Editor’s Introduction

Stuart Moulthrop

School of Communications Design
University of Baltimore
samoulthrop@ubmail.ubalt.edu

 

Decorating the Corpse: Hypertext After the Web

 

Not long ago I learned that in 1997-98, two new literary prizes will be given for work in hypertext, one in the U.S. and one in Europe. When I reported this to a certain writer well versed in “new media,” I received an interesting answer. The givers of the prizes are very kind, the writer said, “but they are pinning medals on a corpse.” My correspondent thought that creative hypertext had a fine future behind it but little in the way of prospects. It was an idea whose time had been.Writers say these things. Sometimes, as in the case just mentioned, we speak from despair, fearing that the audience for serious work may be collapsing to a singularity. At other times the lament that X is lost may serve as prelude to hubris, for instance when the mourner believes that a bright and promising meta-X (of his own invention) is coming with the dawn. Writing is dead!–and not a moment too soon–long live my kind of writing! Because they can be disingenuous in this way, literary mass obituaries should never be taken at face value. The reader is warned.

 

Yet if one has time and inclination to worry about such things, there are reasons to be concerned about hypertext. Until recently the United States had two major publishers of substantial work in new media: Eastgate Systems and the Voyager Company. After struggling to create a market for CD-ROMs with admirable production values and strong literary sensibilities, Voyager has left the field.

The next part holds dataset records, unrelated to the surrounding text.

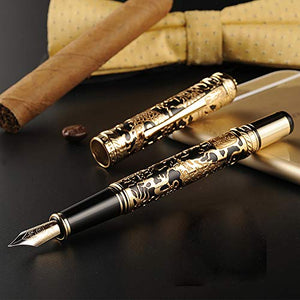 Hero 14K Gold Century Dragon Embossed Fountain Pen, Noble Carving Writing Pen with Gift Box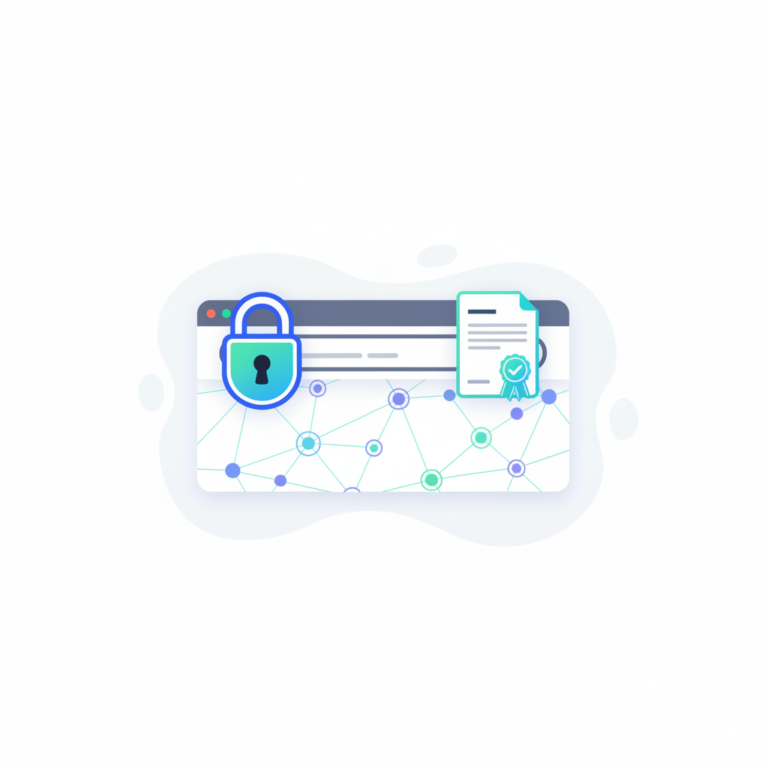 Illustration of a certificate and padlock icon representing SSL certificate transparency monitoring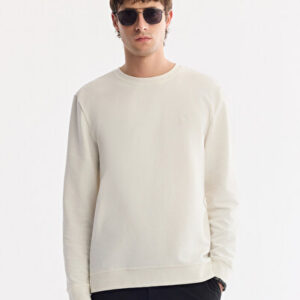 Avva Erkek Ekru Bisiklet Yaka Pamuklu Kolay Ütülenen Regular Fit Sweatshirt A61Y1222 - Hızlı Kargo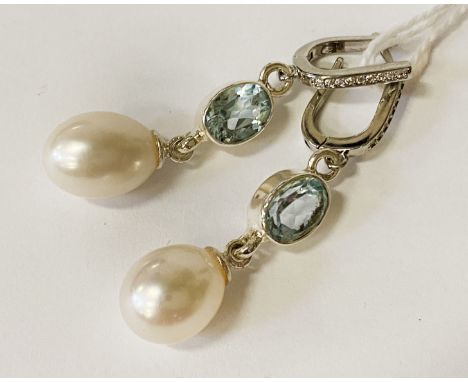 AQUAMARINE &amp; PEARL EARRINGS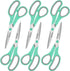 Light Green 6 Scissors Bulk, Almarto 8" All Purpose Scissors Pack - High Performance and Designed for Comfort and Cutting - Sharp to Cut but Soft ...
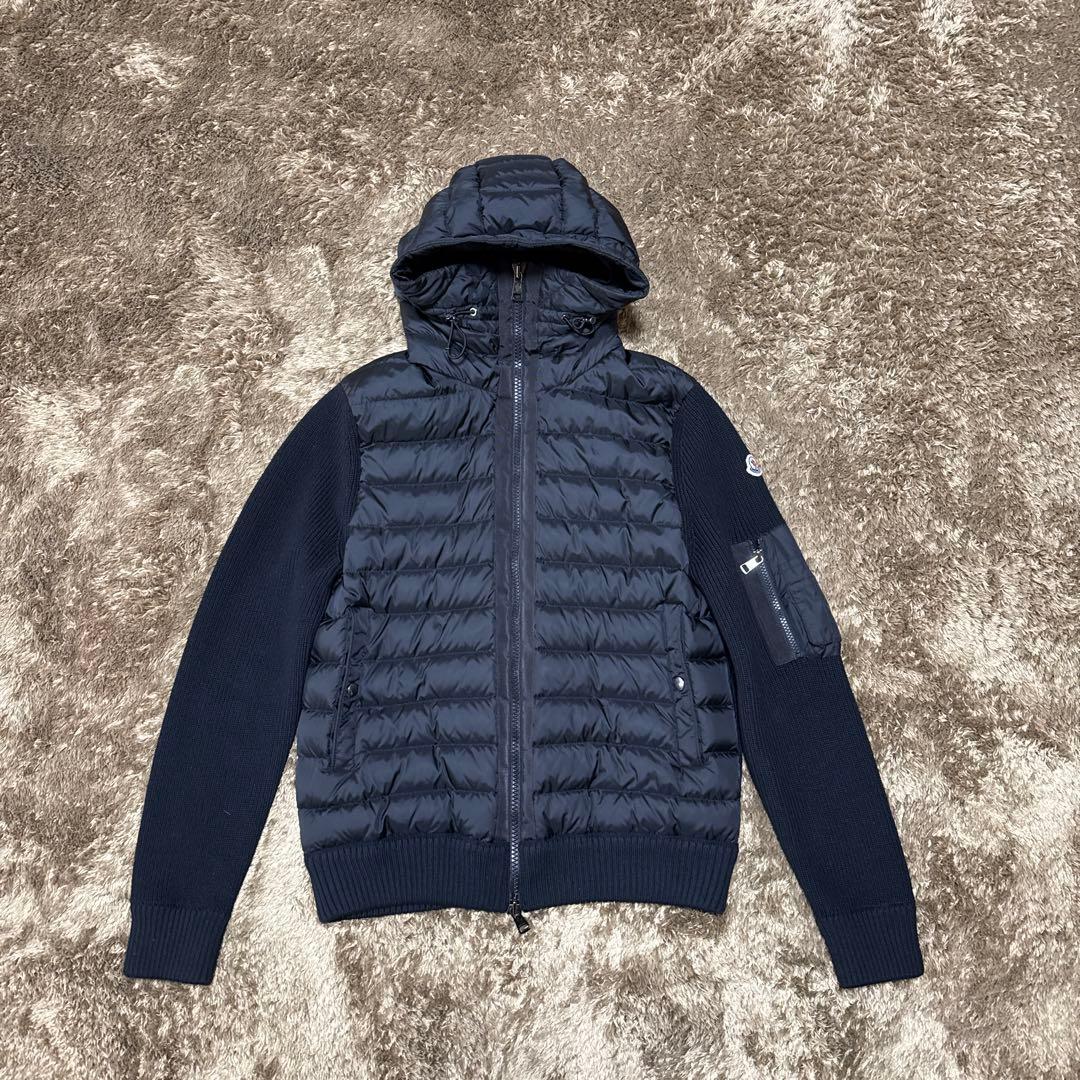 moncler モンクレール　ハイブリッド　ニット　ダウン　black M モンクレール ハイブリッドダウンニット 定番 Mサイズ ブラック 美品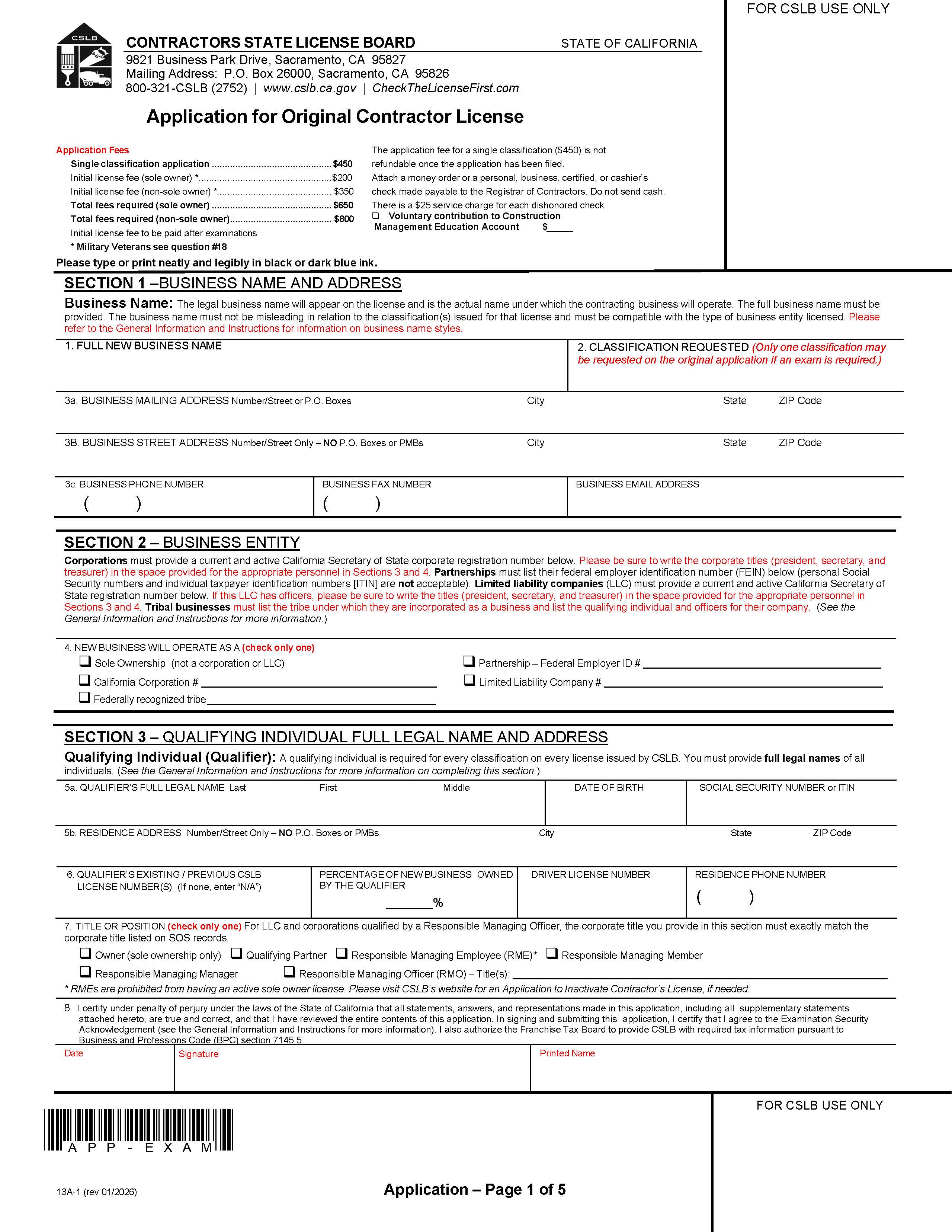 Application For Original Contractors License {13A-1} | Pdf Fpdf Docx | California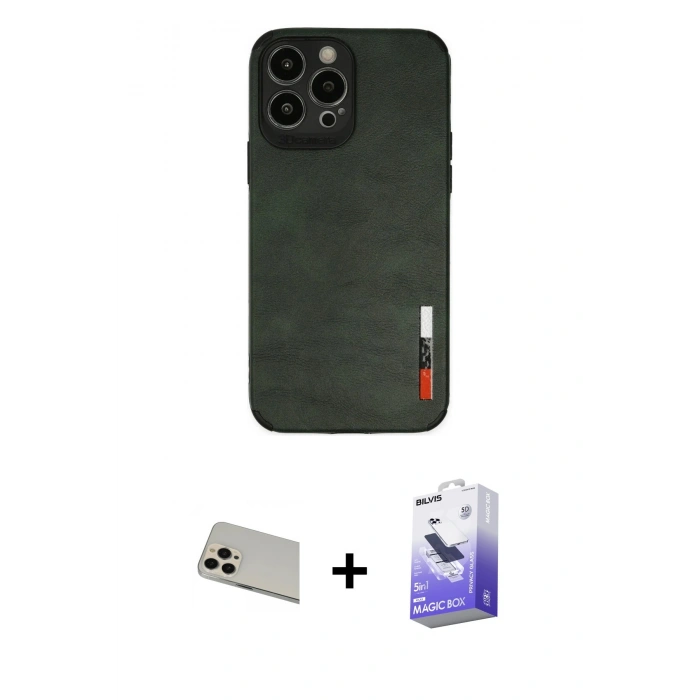 MARSİLYAN™- iPhone 13 Pro Max Kılıf Doruk Asil Koleksiyonu - Siyah Bilvis 5in1 5D Magic Hayalet Cam Ekran Koruyucu + Rose Gold Rainbow Kamera Lens Koruma Cam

Eastgate carries on, and other ventures, perhaps by university presses and non-U.S. firms, may compensate in some measure for Voyager’s absence. Still, the implications are troubling.

 

No doubt the change at Voyager came for various reasons, many having little to do with the Internet, but Voyager’s withdrawal does seem to coincide neatly with the recent surge of interest in the World Wide Web. One has to wonder whether Voyager’s often exquisite products were eclipsed by offerings on the Web–from on-line ‘zines like Salon, Feed, and Suck to the more dubious prospects of “push” media and VRML. If this is the case, then we may be seeing a shift, as far as hypertext is concerned, from a commercial model of literary production:

 

“EXPANDED BOOK” = CD-ROM =
MARKETABLE COMMODITY

 

to a public-service or indeed an amateur model:

 

HYPERTEXT = WEB SITE =
WORK OF PURE DEVOTION

 

Postmodern Culture has an evident stake in these developments. Since our recent move to Johns Hopkins University Press and the Muse Project, back issues of the journal, formerly available to anyone with Web access, have been open only to institutional and individual Muse subscribers. (Each current issue continues in free circulation until the next issue appears.) As we explained when the change was announced, this seemed a reasonable way to cover operating costs and keep the journal alive. We knew, though, that we were swimming against the tide. As a number of our authors and readers pointed out, free availability has been a key feature of this publication. Imposing charges seems to some a betrayal. On the Web, as they would have it, information wants to be free.In response to these concerns, the Press and the editors have decided to make text-only versions of our back issues available to all. This is only a preliminary announcement; details of the new arrangement will appear in our next issue (September, 1997). It bears mentioning, though, that we are not abandoning the subscription model of on-line publishing. Subscriptions to Postmodern Culture will still be offered both individually and through Project Muse, and versions available to subscribers and non-subscribers will differ in important ways.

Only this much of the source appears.